January 06, 2005

Forge of Heaven, C. J. Cherryh

All the details of this were enjoyable in a mid-range Cherryh way, and then I summarized it for my other half (to explain where it fits into her considerable ouevre) and he just destroyed it for me by making the accurate observation, "So, another 'Boy Finds Hands'?"

Alas, it is another 'Boy Finds Hands', which Cherryh chugs out with regularity suggesting that those are the ones which sell. (To do: check Amazon rankings?) The deeply, deeply annoying thing about them is that the plots, the rest of her universes, are sufficiently complex and adult that there are always much more interesting characters who we mostly see through the blinkered eyes of the Boy. I find Tripoint the most exasperating of the lot, as the Boy didn't have much more on his hands than many adolescents, but his combined love-interest/dea ex machina (sp?) had a powerfully interesting backstory, which we don't see. I want a novel about her instead.

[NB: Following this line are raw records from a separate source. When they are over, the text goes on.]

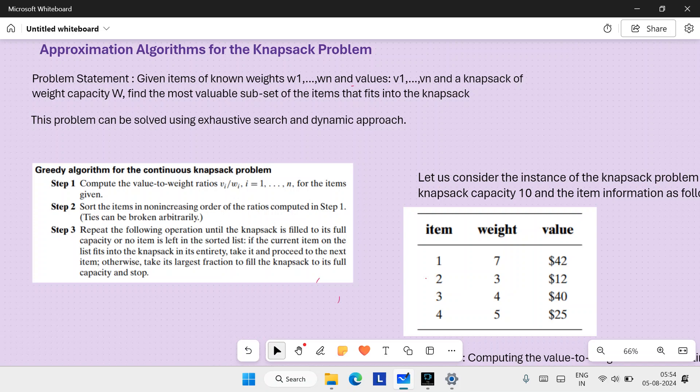We will look at an approximation algorithm for the knapsack problem. This problem can be solved using an exhaustive approach as well as a dynamic approach. Let me recall the problem statement for the knapsack problem.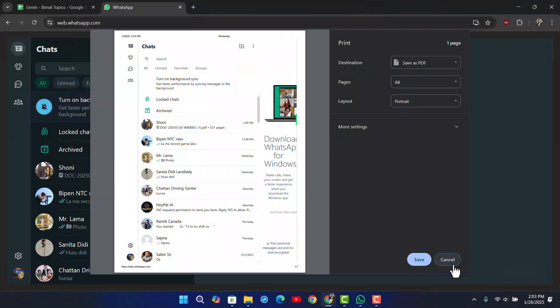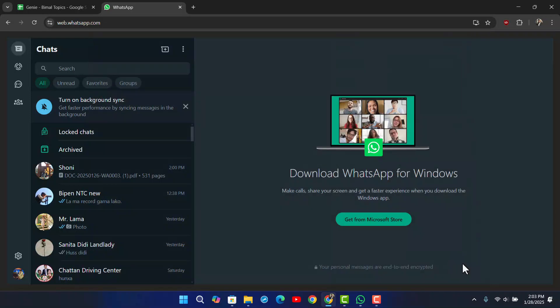This way you'll be able to print WhatsApp documents on PC. I hope the video helped you. If you have any questions, feel free to leave them down below. Thanks for watching till the end and see you soon in the next video.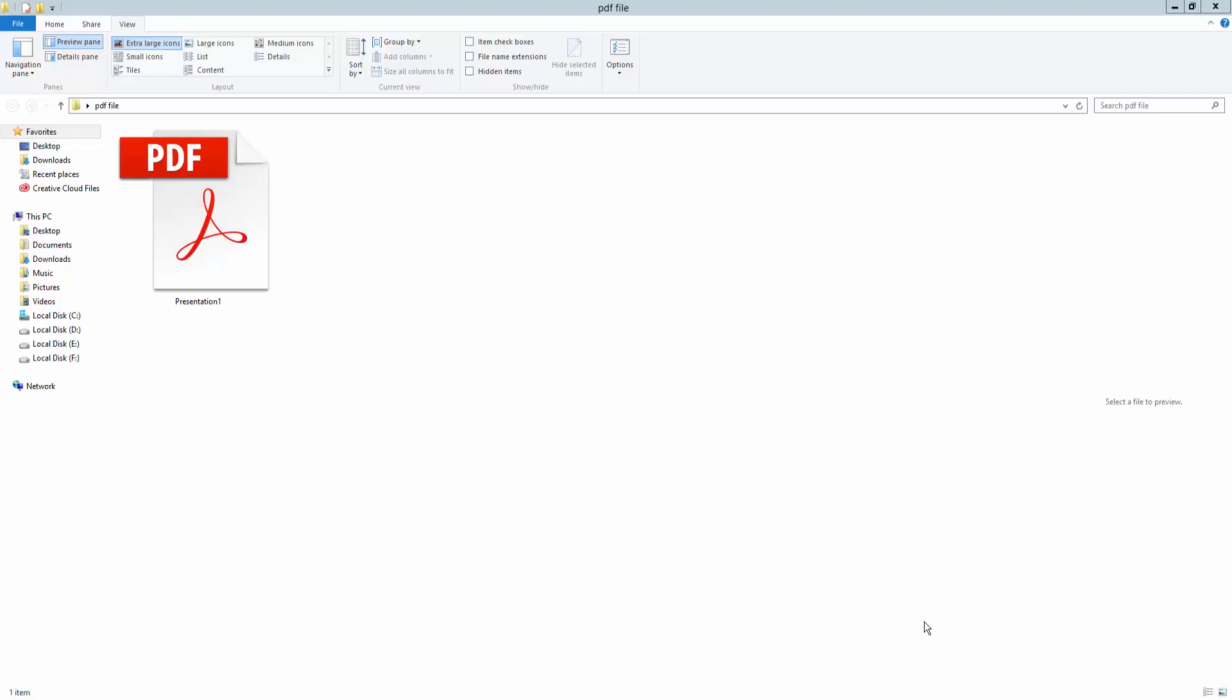Hello everyone, assalamualaikum. Welcome to Easy Online Tutorial. Today I will show you how to convert a PDF file into PowerPoint.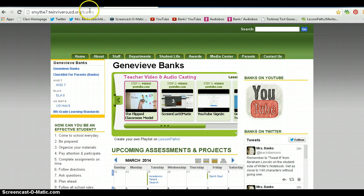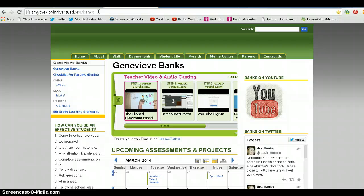You're looking up here. I added slash banks to my address so my students could easily find our class website. I recommend that you do the same thing. You may need your webmaster at your site to okay that or do it for you.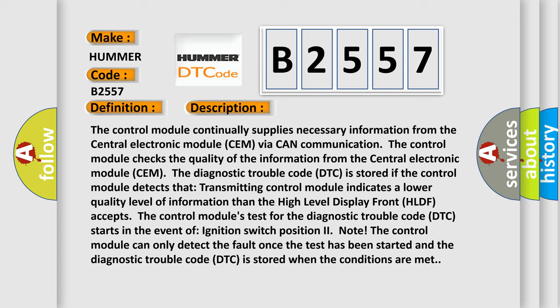The current HLDF accepts the control module's test for the diagnostic trouble code DTC starts in the event of ignition switch position two.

In Forge..., I have as usual nothing against the reasonably nice pupal bureaucrat who finds his hands; but I would rather have seen more of Marak's thinking; he found his hands in Hammerfall and is now capable of deciding what to do with them. Even the adult bureaucrats are more interesting than the larva. And, finally, I lost some suspension of disbelief not in the deep space/nanotech plot but in the chance that a powerful alien would be so impressed by the larva. He is a perfectly decent young man and may be impressive later, but I sure don't see the aura of greatness now.

All the women are backgrounded, too, which is increasingly annoying as the novel goes on; they tend to come into play when they do foolish things for personal reasons, which doesn't even make much sense when one of them is a near-immortal of species-spanning importance and unknown Deep Plans.